People with low levels of Vitamin K have less healthy lungs: Study
People with low levels of Vitamin K in their blood are more likely to have poor lung function and to say they suffer with asthma, chronic obstructive pulmonary disease (COPD), and wheezing, according to a new study published on Thursday.
New Delhi, People with low levels of Vitamin K in their blood are more likely to have poor lung function and to say they suffer with asthma, chronic obstructive pulmonary disease (COPD), and wheezing, according to a new study published on Thursday.
Vitamin K is found in leafy green vegetables, vegetable oils, and cereal grains.
It plays a role in blood clotting, and so helps the body to heal wounds, but researchers know very little about its role in lung health.
The new findings, published in the ERJ Open Research journal, do not alter the current advice on Vitamin K intake, but they do support further research to see if some people could benefit from taking its supplements.
"To our knowledge, this is the first study on Vitamin K and lung function in a large general population. Our results suggest that Vitamin K could play a part in keeping our lungs healthy," said researcher Dr Torkil Jespersen.
The study was done by a team of Danish researchers at Copenhagen University Hospital and the University of Copenhagen. It involved a group of 4,092 people aged between 24 and 77 years living in Copenhagen.
Study participants took part in lung function testing, called spirometry, gave blood samples and answered questionnaires on their health and lifestyle.

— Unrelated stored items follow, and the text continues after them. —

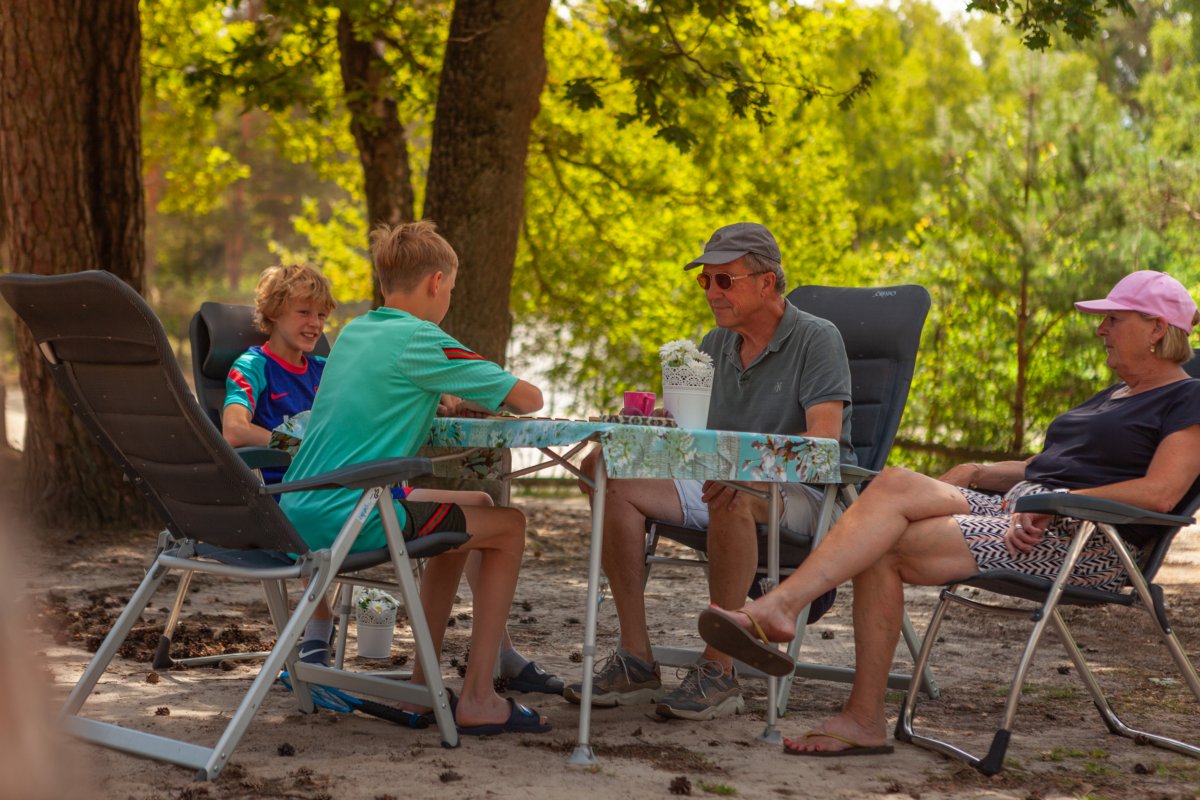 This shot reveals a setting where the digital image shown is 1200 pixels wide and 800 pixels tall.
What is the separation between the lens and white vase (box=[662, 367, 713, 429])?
387cm

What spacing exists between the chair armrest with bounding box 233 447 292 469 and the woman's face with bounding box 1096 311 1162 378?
257cm

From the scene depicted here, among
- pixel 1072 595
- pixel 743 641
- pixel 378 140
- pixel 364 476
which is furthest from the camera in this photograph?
pixel 378 140

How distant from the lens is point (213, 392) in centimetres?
512

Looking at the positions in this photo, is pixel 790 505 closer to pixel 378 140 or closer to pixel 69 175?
pixel 69 175

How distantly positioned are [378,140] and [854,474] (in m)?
8.45

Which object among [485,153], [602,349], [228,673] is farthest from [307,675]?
[602,349]

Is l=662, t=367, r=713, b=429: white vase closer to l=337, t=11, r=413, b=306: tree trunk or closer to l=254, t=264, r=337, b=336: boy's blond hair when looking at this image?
l=254, t=264, r=337, b=336: boy's blond hair

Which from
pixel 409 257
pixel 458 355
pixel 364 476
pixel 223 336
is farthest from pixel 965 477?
pixel 223 336

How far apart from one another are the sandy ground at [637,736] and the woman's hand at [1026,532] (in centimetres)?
57

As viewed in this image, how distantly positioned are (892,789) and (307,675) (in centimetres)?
164

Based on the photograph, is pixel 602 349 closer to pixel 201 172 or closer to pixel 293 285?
pixel 201 172

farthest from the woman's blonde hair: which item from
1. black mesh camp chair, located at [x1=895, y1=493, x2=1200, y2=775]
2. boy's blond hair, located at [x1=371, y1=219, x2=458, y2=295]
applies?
boy's blond hair, located at [x1=371, y1=219, x2=458, y2=295]

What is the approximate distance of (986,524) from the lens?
12.7 feet

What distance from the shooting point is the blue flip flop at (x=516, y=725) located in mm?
3721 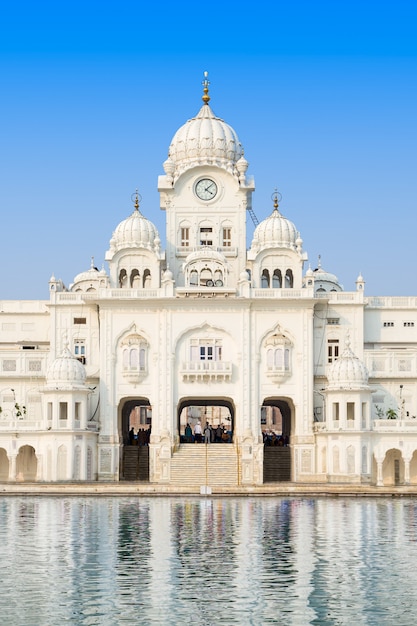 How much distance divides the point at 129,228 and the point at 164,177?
4.39m

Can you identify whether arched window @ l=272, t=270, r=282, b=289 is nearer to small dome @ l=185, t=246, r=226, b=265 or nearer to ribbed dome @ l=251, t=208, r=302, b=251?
ribbed dome @ l=251, t=208, r=302, b=251

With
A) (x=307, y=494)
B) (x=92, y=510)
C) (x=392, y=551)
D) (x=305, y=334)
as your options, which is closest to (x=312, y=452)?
(x=305, y=334)

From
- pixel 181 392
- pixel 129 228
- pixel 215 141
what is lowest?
pixel 181 392

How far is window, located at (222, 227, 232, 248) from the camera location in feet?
249

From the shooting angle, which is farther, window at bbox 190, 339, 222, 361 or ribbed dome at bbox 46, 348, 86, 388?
window at bbox 190, 339, 222, 361

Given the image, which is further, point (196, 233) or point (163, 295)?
point (196, 233)

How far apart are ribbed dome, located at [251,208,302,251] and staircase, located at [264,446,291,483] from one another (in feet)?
39.2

The blood tests included a marker of low levels of Vitamin K in the body. Spirometry measures the amount of air a person can breathe out in one second (forced expiratory volume or FEV1) and the total volume of air they can breathe in one forced breath (forced vital capacity or FVC).
The researchers found that people with markers of low levels of Vitamin K had lower FEV1 and lower FVC on average. People with lower levels of Vitamin K were also more likely to say they had COPD, asthma, or wheezing.
"On their own, our findings do not alter current recommendations for Vitamin K intake, but they do suggest that we need more research on whether some people, such as those with lung disease, could benefit from vitamin K supplementation," said Jespersen.